When sophomore fashion merchandising major Kennedi Stinnette walked the halls of her high school in Kalamazoo, Michigan, she saw a sea of hair that looked nothing like hers.

“I went to a predominantly white school,” Stinnette said. “So, I was looking at my friends, and they would all be able to wear their hair down and straight. I was like, ‘Why doesn’t mine look like that?’ I think that's where I really struggled.”

 If you are not a part of the Black community, you may not understand how a lack of representation affects Black women. An exhibition that opened Sept. 10 at the Kent State Museum is meant to introduce a larger audience to issues such as the way many Black women, starting in their youth, are persuaded to straighten or chemically relax their hair. This pressure comes from several sources: society, employers or even their mothers.

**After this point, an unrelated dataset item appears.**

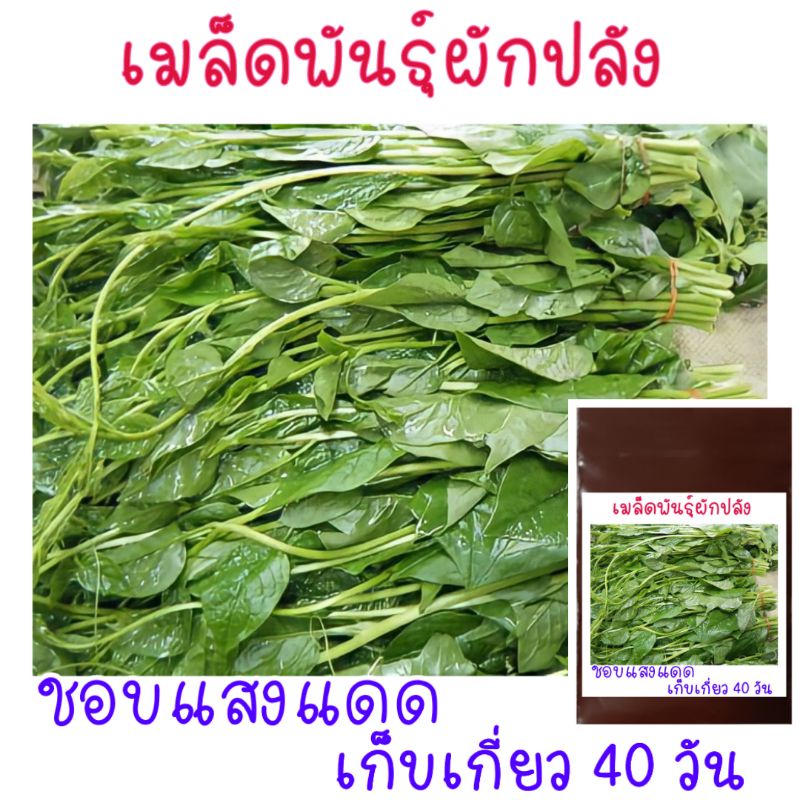 เมล็ด​พันธุ์​ ผักปลัง​ เขียว​ 10 เมล็ด​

When Stinnette was young, her mother always had straight hair, but over five years ago she decided to wear her hair natural. Seeing her mom embrace natural hair gave Stinnette the encouragement she needed to start her own natural hair journey. 

“It took me a long time to learn to love it,” Stinnette said. “Now that I've learned to style it, I've really gained a new appreciation for my hair.”

Freshman mathematics major Saunti Tolliver has found a source of empowerment in the history her hair carries. As someone with 4C hair, a tightly coiled hair texture, who attended a predominantly white school in Cincinnati, Tolliver struggled to find peers with a similar hair texture.

In the Black community, the owners of hair with tighter, curlier patterns, such as 4C hair, are at times subjected to texturism – the idea that smooth, less coiled hair is more desirable. For Tolliver, seeing prominent Black women such as Serena Williams and Viola Davis helped to combat the bias.

 “In seeing other people in media who have the same hair as I do, I was more accepting of my own hair,” Tolliver said.

Outside the Black community, Black hair is seldom the topic of conversation. “TEXTURES: The History and Art of Black Hair”, the latest exhibition at the Kent State Museum, is meant to engage a larger audience in this dialogue.

As a member of the exhibition team, senior studio art major Anders Ove was able to confront the works up close, which offered exposure to a side of history they were not aware of as a white person.

 “This culture is not one that I have had in the forefront of my life growing up,” Ove said. “I was unaware largely to the extent that hair played a role within culture.”

 The exhibition is split into three sections – Community and Memory, Hair Politics and Black Joy – and most of the pieces are quite different from those of previous fashion-focused exhibitions.

 “It’s interesting to see the real depth of that as something that I was so largely ignorant to,” Ove said. “I think it redefined how I look at fashion, you know, beyond clothing. It’s truly about how you present yourself.”